Images for object localization:
= = =

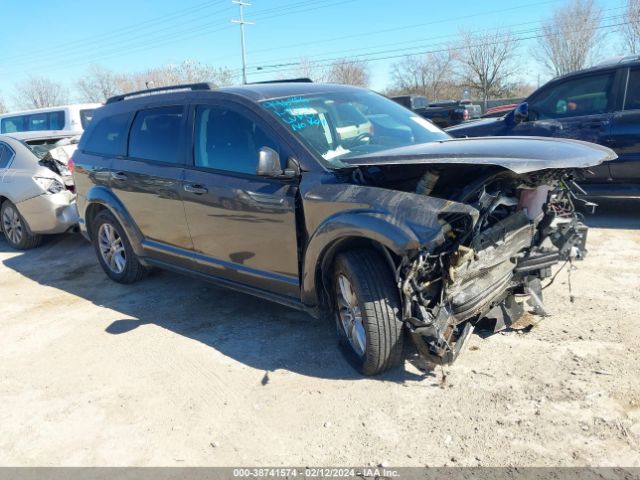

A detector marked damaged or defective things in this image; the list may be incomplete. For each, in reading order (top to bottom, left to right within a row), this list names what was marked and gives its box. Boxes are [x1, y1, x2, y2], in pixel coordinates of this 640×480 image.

damaged gray suv [71, 82, 616, 376]
bent hood [342, 137, 616, 174]
crushed front end [398, 168, 592, 364]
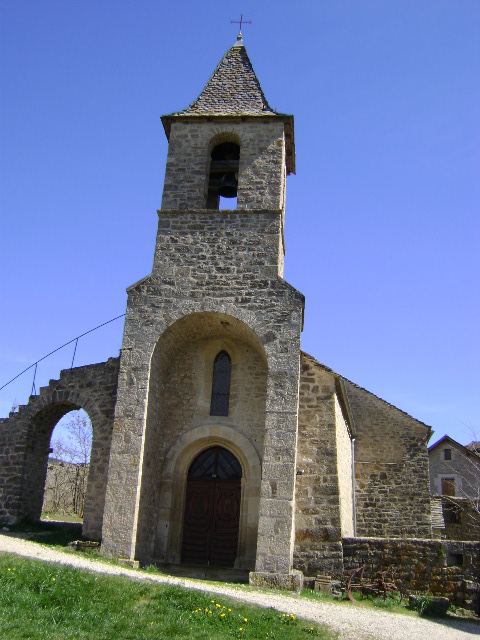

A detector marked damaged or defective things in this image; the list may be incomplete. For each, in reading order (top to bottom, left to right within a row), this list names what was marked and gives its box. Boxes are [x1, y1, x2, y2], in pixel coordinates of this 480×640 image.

= = =

- Exercise prompt
Please repeat the data verbatim and leave the pictures out of your copy.

- Problem solution
A detector marked damaged or defective things in this image; the list may be incomplete. For each, in reading order (top to bottom, left to right within a row), this list names what was marked and gives its box. Boxes are [x1, y1, x2, y2], in pixel coordinates of this 640×480 image.

damaged gray suv [71, 82, 616, 376]
bent hood [342, 137, 616, 174]
crushed front end [398, 168, 592, 364]

A detector marked damaged or defective things in this image; the list may be incomplete. For each, in reading order (top to bottom, left to right within a row), this list names what was marked and gives its box. Boxes are [x1, y1, x2, y2], in pixel coordinates of this 480×640 image.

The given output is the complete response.